[EXERCISE DETAILS] Without any pictures, print the lines below from the one that has "Enlarge Einstein, a" through the one that has "Happy Mini Goldendoodle Baby", exactly and nothing else.

━━━ DATA TO USE

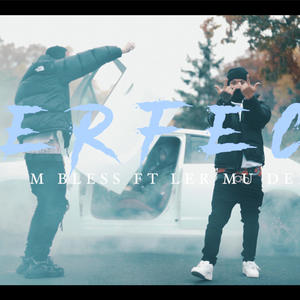 Perfect (feat. LerMuDex) [Explicit]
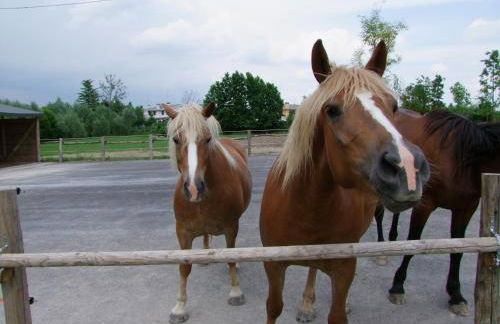 Agriturismo L'Acero Rosso - Foto 80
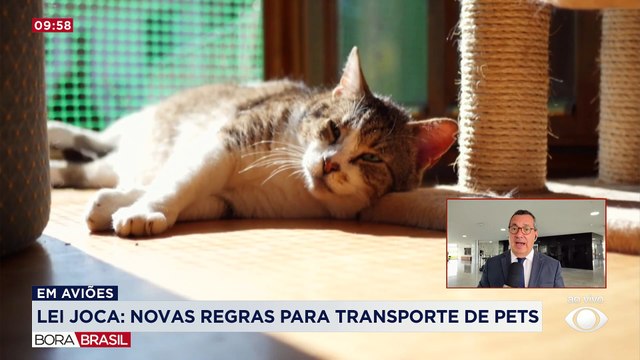 Lei Joca: novas regras para transporte de pets em aviões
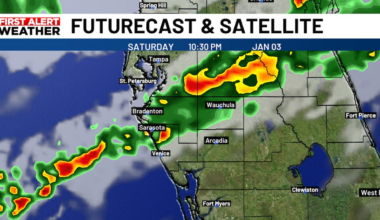 The Suncoast welcomes much needed rain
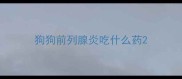 狗狗前列腺炎吃什么药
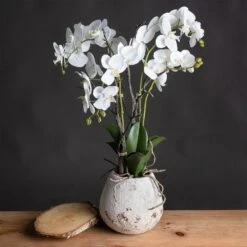 White Orchid In Stone Pot -Home Decor Store white orchid in stone pot p1047 1690 image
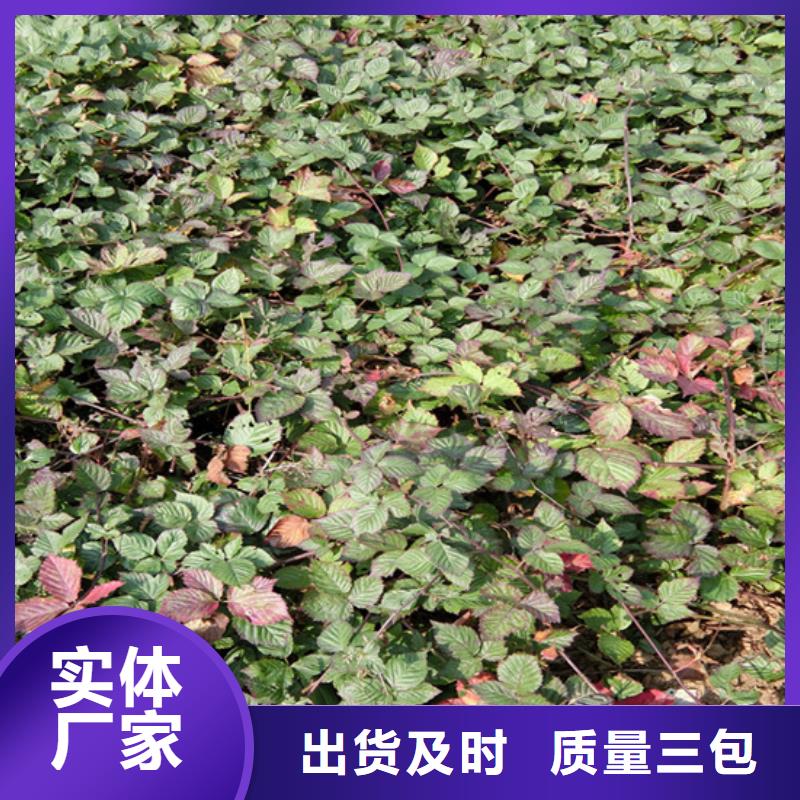 树莓-玛瑙红石榴苗产品参数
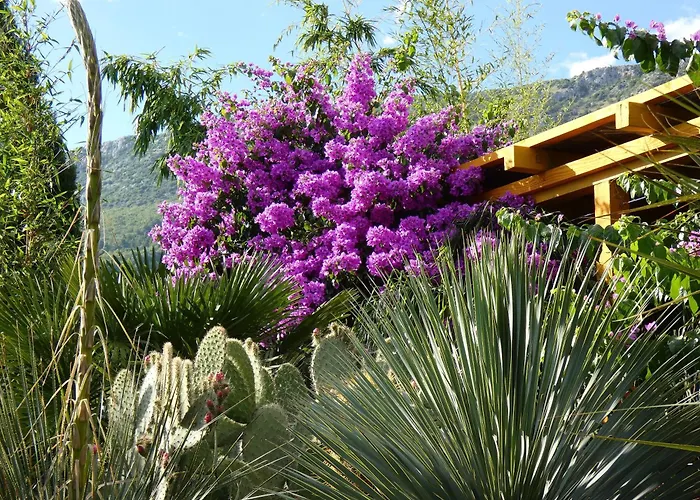 Villa Tropica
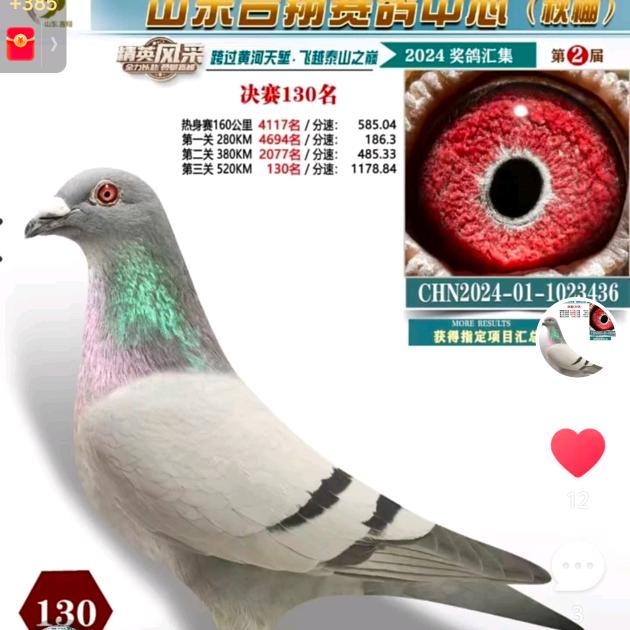 启航一小祁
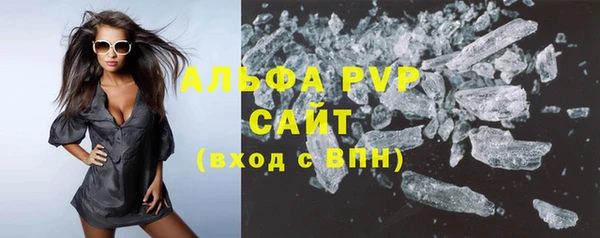 прущие грибы Аркадак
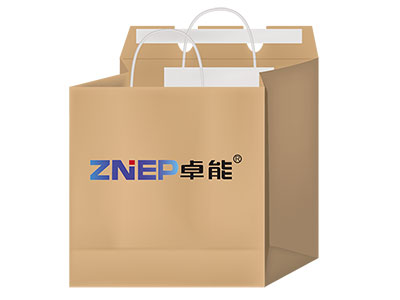 Paper Handle Bag with Flap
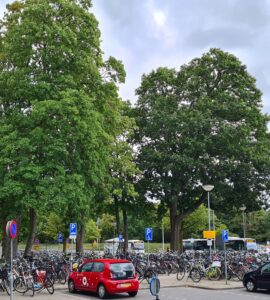 Actie tegen bomenkap op Noordplein Ede-Wageningen 15 allardbijlsma 20230801 163203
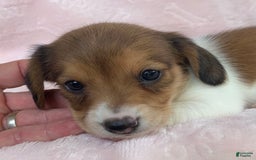 Miniature Dachshund dogs for sale: Baby Clover - Image 11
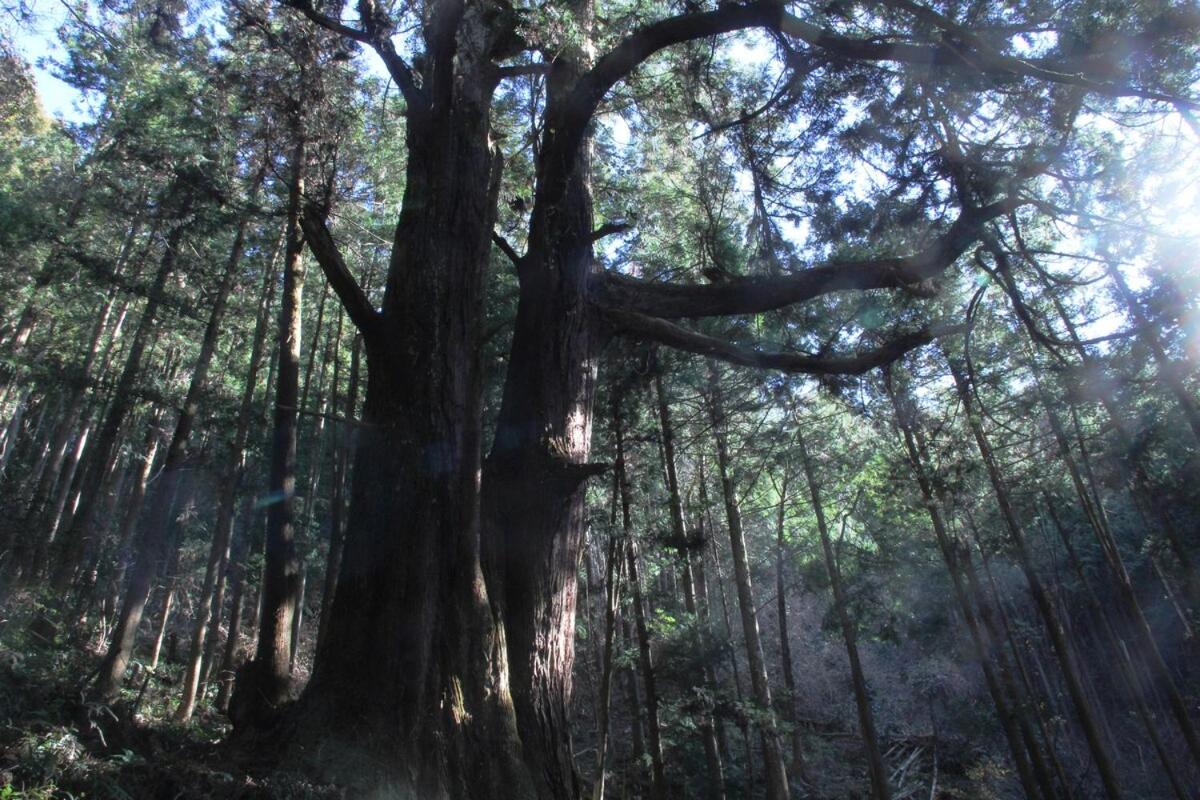 紡舎 - BO-SHA - - 古民家一棟貸しVilla
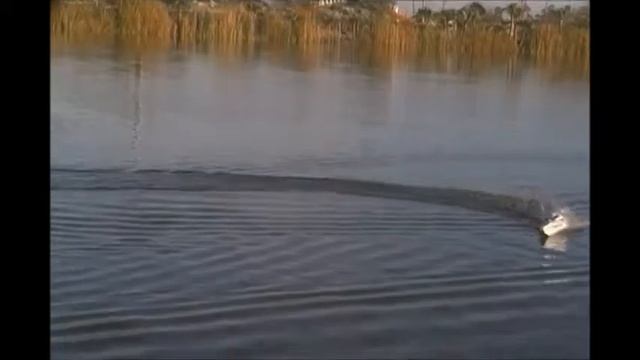 Double horse 7008 MXLI смотреть онлайн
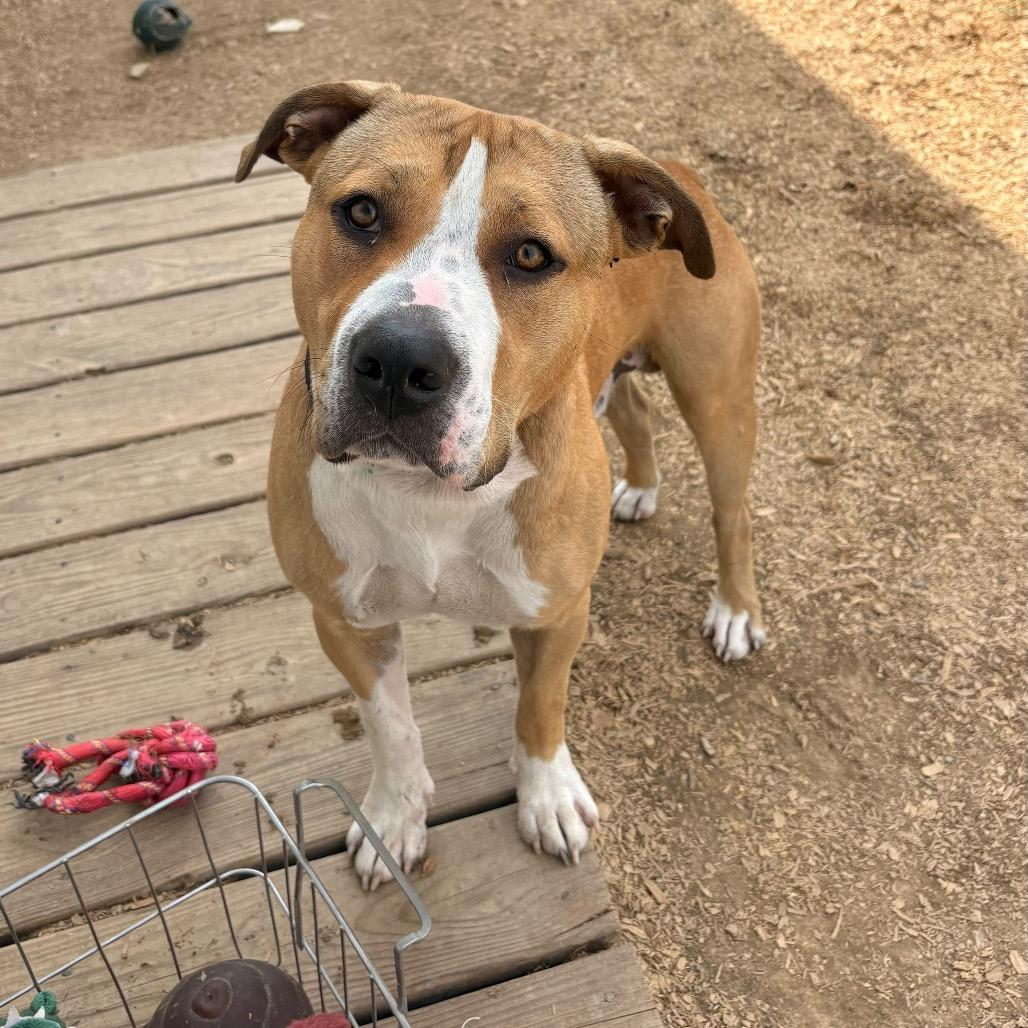 Enlarge Einstein, a Adoptable American Staffordshire Terrier in Tipton, IN image 3/6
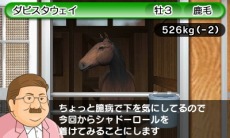 画像ギャラリー No.003のサムネイル画像 / 「ダービースタリオンGOLD」過去シリーズのライバル馬「アグリキャップ」と「メジロマッコイーン」も参戦。初回購入特典「特別版」の詳細を公開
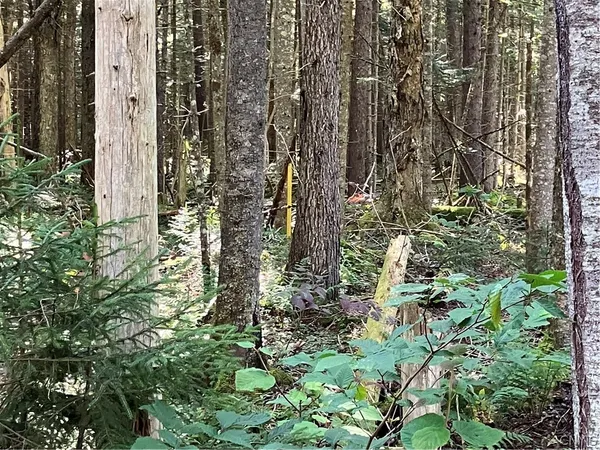 $87,500 | 82 Stock Lane, Inlet, NY 13360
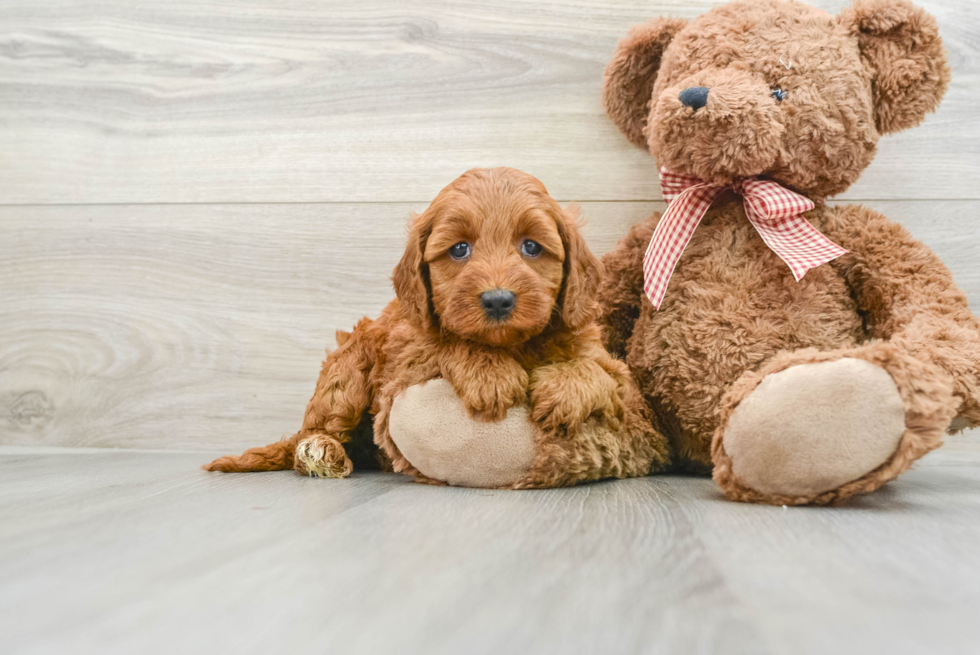 Happy Mini Goldendoodle Baby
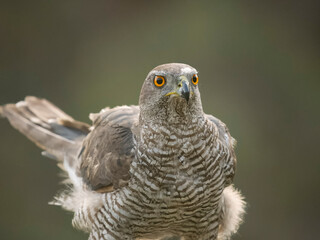 Goshawk, Accipiter gentilis
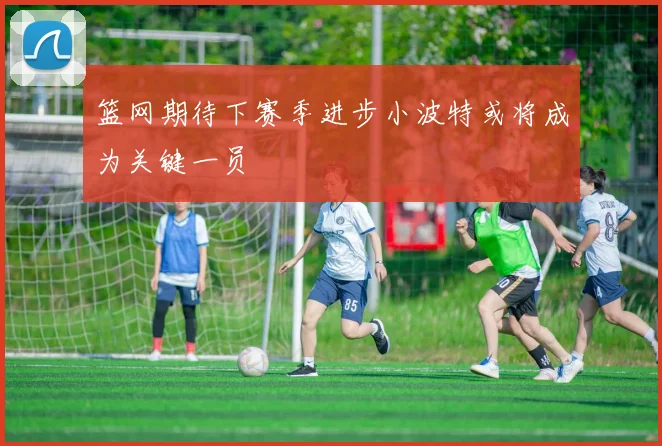 篮网期待下赛季进步小波特或将成为关键一员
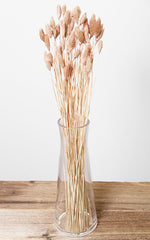 Phalaris pfirsich-pastell Bund | ca. 50 cm lang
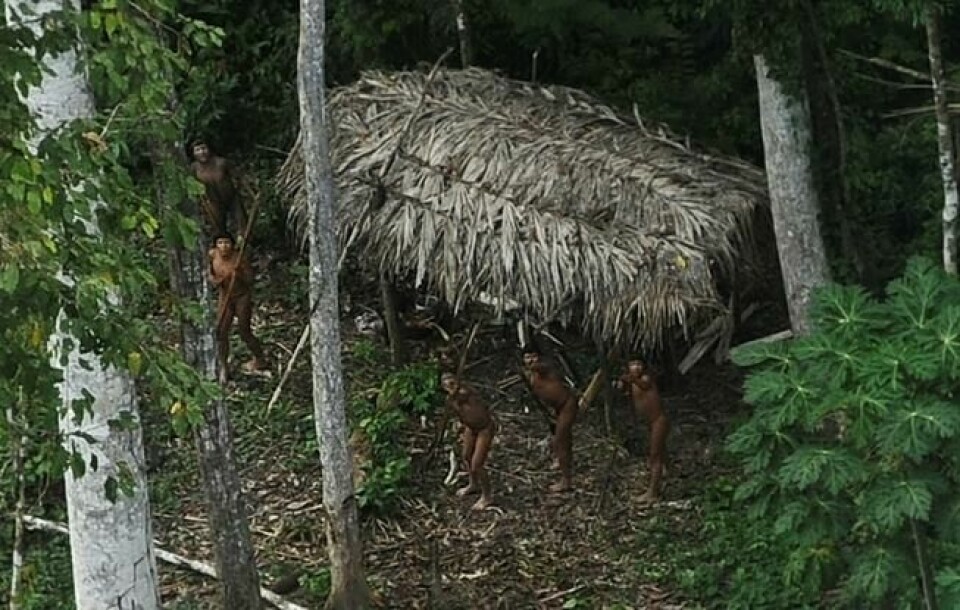 Et samfunn i Amazonas man antar ikke har hatt kontakt med sivilisasjonen reagerer overfor et fly som passerer over dem i mars 2014. Foto: Reuters / NTB scanpix. Et samfunn i Amazonas man antar ikke har hatt kontakt med sivilisasjonen reagerer overfor et fly som passerer over dem i mars 2014. Foto: Reuters / NTB scanpix.
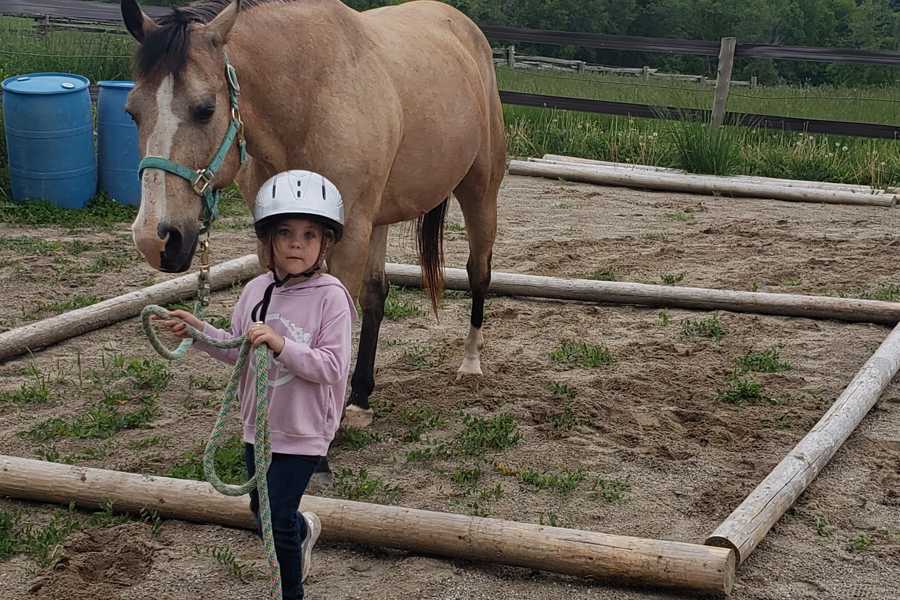 Ireway Equine Learning Services - Children Services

━━━━━━

[RESULT FOR THIS EXERCISE]
 Enlarge Einstein, a Adoptable American Staffordshire Terrier in Tipton, IN image 3/6
 画像ギャラリー No.003のサムネイル画像 / 「ダービースタリオンGOLD」過去シリーズのライバル馬「アグリキャップ」と「メジロマッコイーン」も参戦。初回購入特典「特別版」の詳細を公開
 $87,500 | 82 Stock Lane, Inlet, NY 13360
 Happy Mini Goldendoodle Baby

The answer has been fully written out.